PROVIDED RECORDS below:

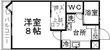 バーシティハウスKANOの間取図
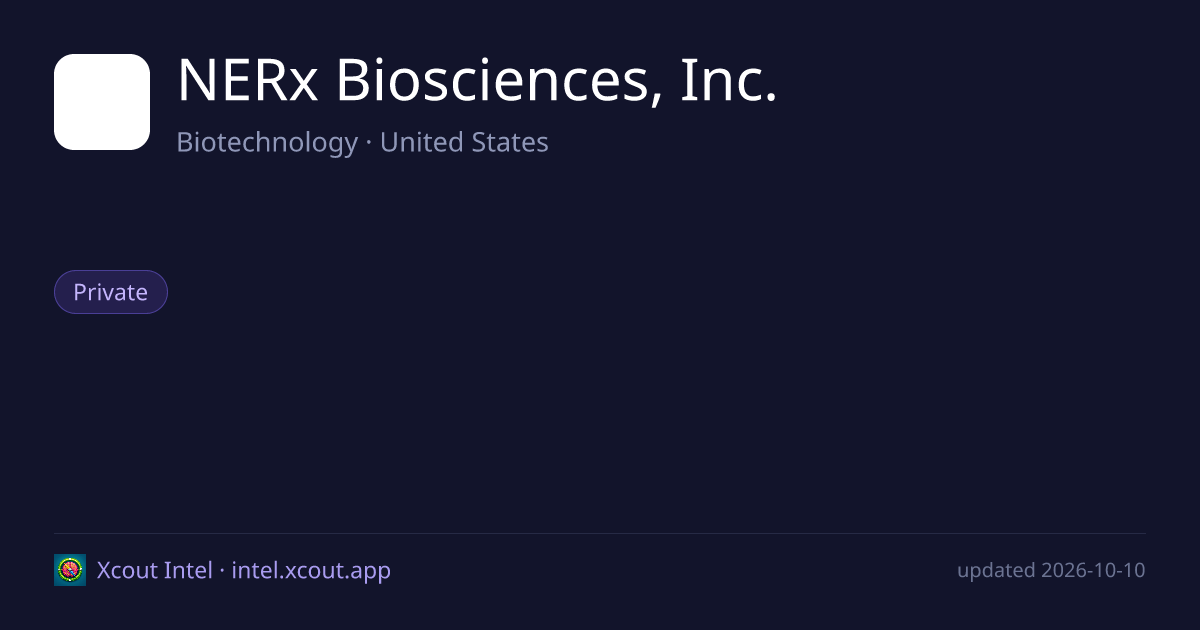 NERx Biosciences, Inc. — share card preview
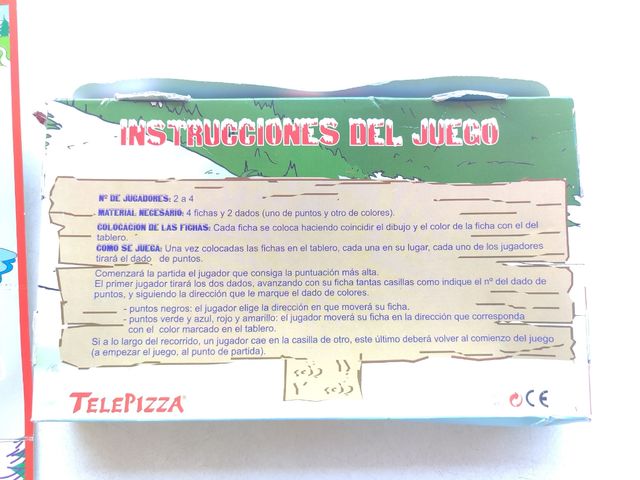 Juego del Descenso Telepizza Vintage A ESTRENAR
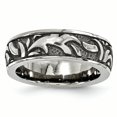 thumbnail image 1 of Edward Mirell Titanium Casted Design 7mm Band Size 10, 1 of 4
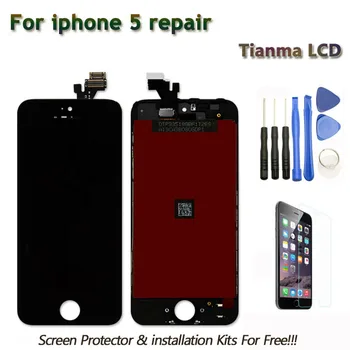 5pcs Tianma High Bright For iPhone 5 5G LCD Touch Screen Digitizer Assembly Black&White Color LCD Display Free Tools & Protector
5pcs Tianma High Bright For iPhone 5 5G LCD Touch Screen Digitizer Assembly Black&White Color LCD Display Free Tools & Protector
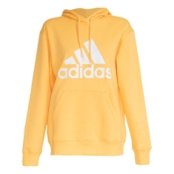 Adidas Moletom Capuz Fleece Regular Essentials Big Logo - Marca adidas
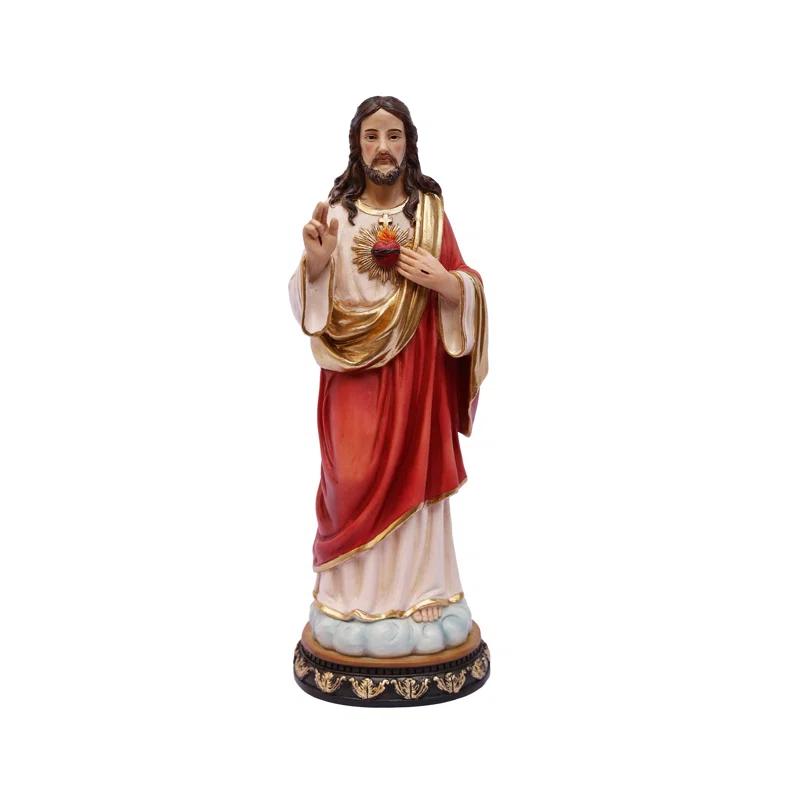 Hi-Line Gift Ltd. Sacred Heart of Jesus Statue Religious Decor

End of PROVIDED RECORDS.

▶ WORK TASK:
Restate the entries verbatim and exclude any pictures.

▶ SOLUTION FOR THIS PROBLEM:
 バーシティハウスKANOの間取図
 NERx Biosciences, Inc. — share card preview
 Juego del Descenso Telepizza Vintage A ESTRENAR
 thumbnail image 1 of Edward Mirell Titanium Casted Design 7mm Band Size 10, 1 of 4
 5pcs Tianma High Bright For iPhone 5 5G LCD Touch Screen Digitizer Assembly Black&White Color LCD Display Free Tools & Protector
5pcs Tianma High Bright For iPhone 5 5G LCD Touch Screen Digitizer Assembly Black&White Color LCD Display Free Tools & Protector
 Adidas Moletom Capuz Fleece Regular Essentials Big Logo - Marca adidas
 Hi-Line Gift Ltd. Sacred Heart of Jesus Statue Religious Decor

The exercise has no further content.